W1: elliptic(1, 1000.0, 100.0, 3, 40)
W2: 20*log10(filtmag(W1, 1024));sety(-80, 10)
W1 creates an Elliptic lowpass filter with a sample rate of 1000 Hz, a passband ripple of 3 dB and a stopband attenuation of 40 dB. The stopband frequency defaults to 150 Hz. W2 displays the frequency response of the resulting filter.
W1: elliptic(1, 1000.0, 100.0, 3, 40)
W2: gsin(1000, 1/1000, 3) + gsin(1000, 1/1000, 250)
W3: iirfilter(W2, W1)
Creates the same IIR lowpass filter as the previous example. W2 contains a series with two sinusoids and W3 applies the filter to recover the lower frequency sinewave.
W2: elliptic(1, 1000.0, 100.0, 3.0, 50.0, 130.0)
Creates a similar filter except the stopband attenuation is set to 50 dB and the stopband edge is set to 130 Hz.
W3: elliptic(3, 18, 1000.0, 200.0, 300.0)
Creates an Elliptic bandpass filter with a sample rate of 1000 Hz, a filter order of 18 and a passband that extends from 200 Hz to 300 Hz.
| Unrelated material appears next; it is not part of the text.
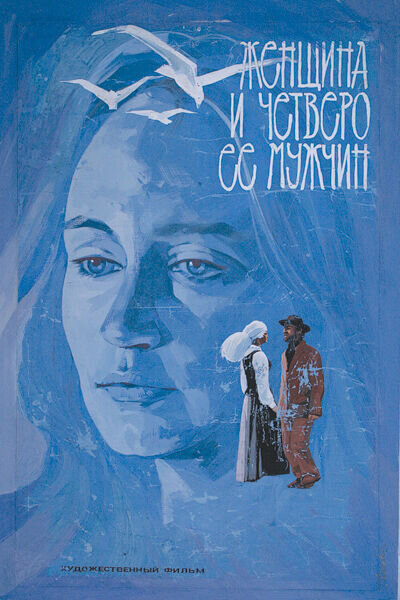 A Woman and Her Four Men (1984) - poster 1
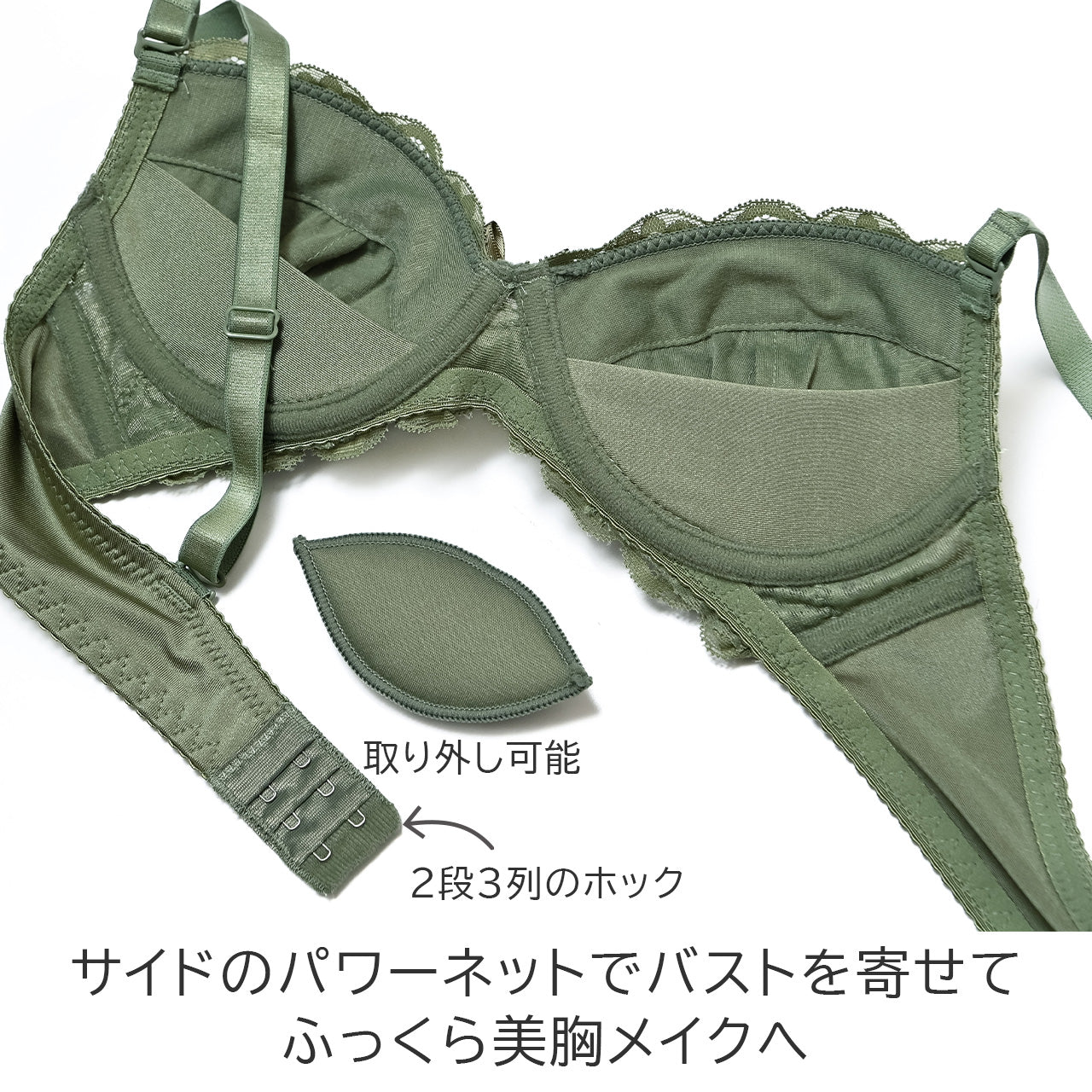 スカラップフラワーレース ノンワイヤーブラジャー&ショーツセット(S・M・L・LL・3L・4L・5L) ソニアブラック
W4: elliptic(3, 24, 1000.0, 200.0, 300.0, 2.0, 50.0, 180.0, 320.0)
Creates a similar Elliptic bandpass filter as above except the order is set to 24 (resulting in 121 coefficients), the desired passband ripple is set to 2 dB and the desired stopband attenuation is set to 50 dB. The first stopband edge is 180 Hz and the last stopband edge is set to 320 Hz.
The generic ELLIPTIC filter specifications are depicted as follows:
Type = 1, Lowpass
Type = 2, Highpass
Type = 3, Bandpass
Type = 4, Bandstop
For filter type 1 and 2 (lowpass and highpass), the band frequencies pb2 and sb2 are omitted.
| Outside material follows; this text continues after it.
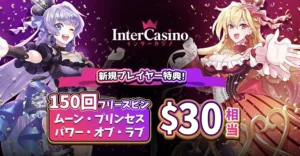 インターカジノの入金不要ボーナス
The ripple and attn parameters are required.
ELLIPTIC uses the Bilinear Transform Method to compute the coefficients by converting an analog filter prototype to the digital domain. The filter order refers to the number of resulting poles (2X poles result for type 3 and type 4) and is not equivalent to the number of filter coefficients.
The bands edges must lie between 0.0 and 0.5 * rate (the Nyquist frequency). Overlapping band edges are not permitted.
The filter coefficients are produced in multi-stage bi-quad form suitable for processing by the CASCADE function.
An ELLIPTIC filter has ripple in both the passband and stopband but generally results in fewer coefficients than other IIR filter types for a given filter specification.
See BANDPASS, BANDSTOP, HIGHPASS and LOWPASS to design linear phase FIR filters using the Remez Exchange method.
ELLIPTIC requires the DADiSP/Filters Module.
Oppenheim and Schafer
Discrete Time Signal Processing
Prentice Hall, 1989
Digital Signal Processing Committee
Programs for Digital Signal Processing
I.E.E.E. Press, 1979
Bateman & Yates
Digital Signal Processing Design
Computer Science Press, 1989